- **Work order**
In full and word for word, copy the listing; no pictures belong in the copy.

Records to process section start

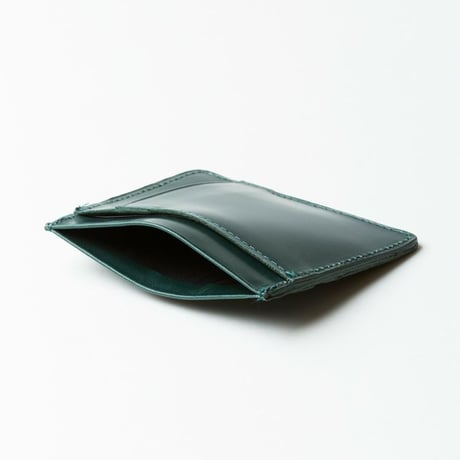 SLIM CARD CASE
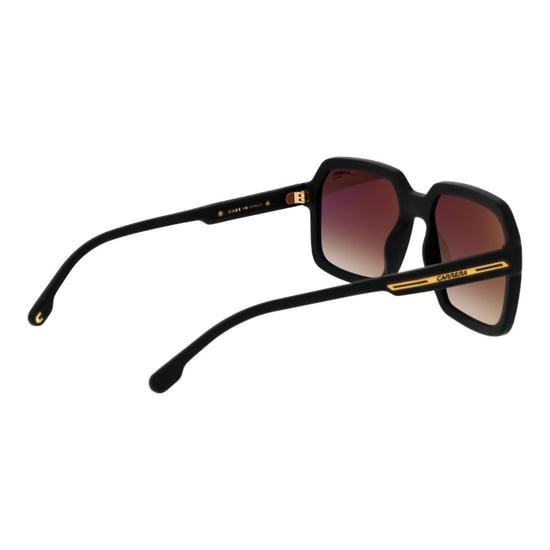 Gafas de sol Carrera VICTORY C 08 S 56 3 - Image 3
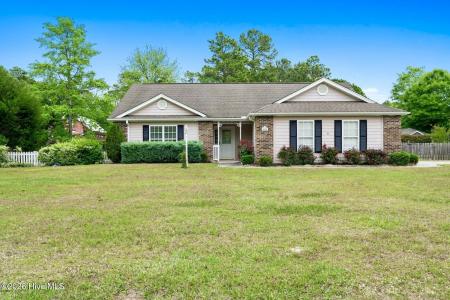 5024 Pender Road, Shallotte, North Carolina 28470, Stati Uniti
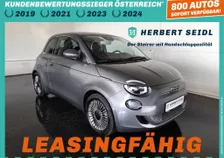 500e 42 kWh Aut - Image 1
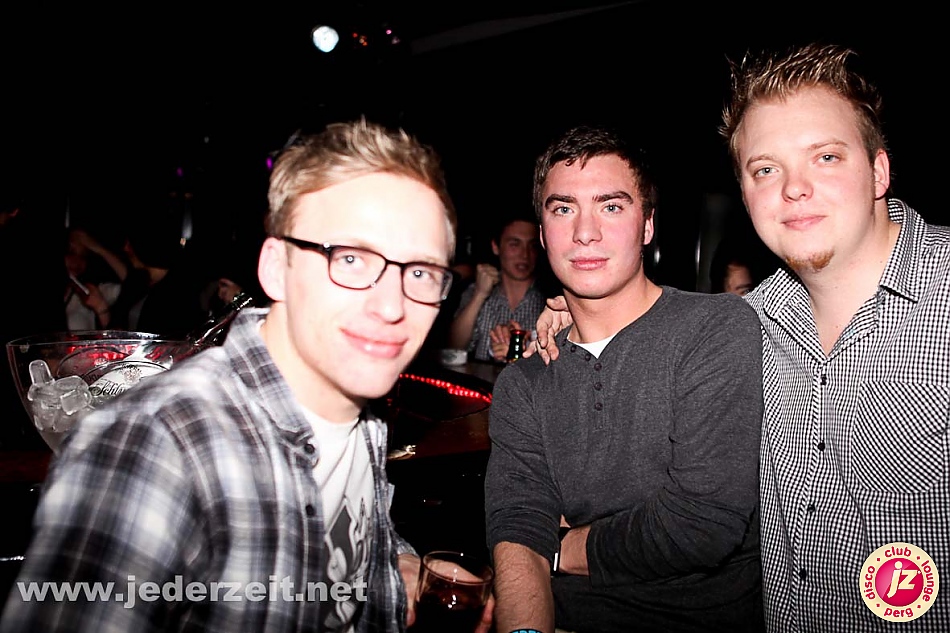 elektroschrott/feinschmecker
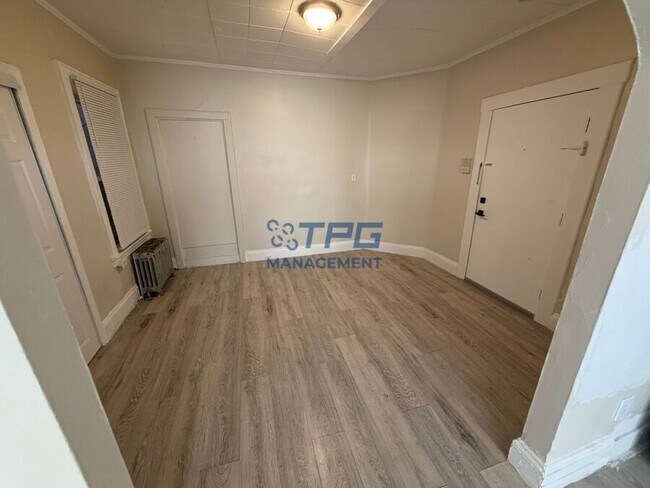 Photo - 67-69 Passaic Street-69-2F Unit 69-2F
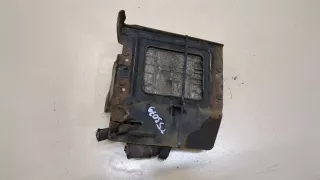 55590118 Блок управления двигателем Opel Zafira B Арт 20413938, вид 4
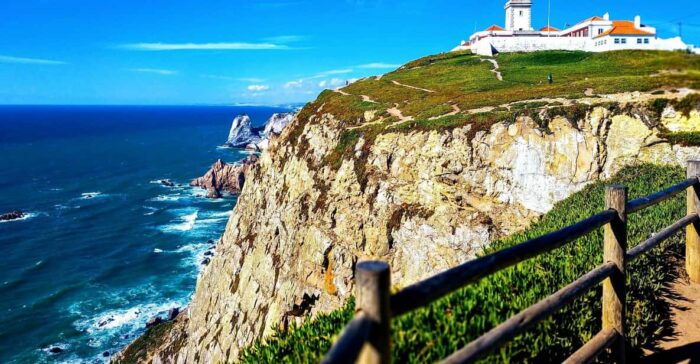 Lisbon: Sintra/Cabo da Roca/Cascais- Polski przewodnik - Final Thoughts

Records to process section end

- **Answer box**
 SLIM CARD CASE
 Gafas de sol Carrera VICTORY C 08 S 56 3 - Image 3
 5024 Pender Road, Shallotte, North Carolina 28470, Stati Uniti
 500e 42 kWh Aut - Image 1
 elektroschrott/feinschmecker
 Photo - 67-69 Passaic Street-69-2F Unit 69-2F
 55590118 Блок управления двигателем Opel Zafira B Арт 20413938, вид 4
 Lisbon: Sintra/Cabo da Roca/Cascais- Polski przewodnik - Final Thoughts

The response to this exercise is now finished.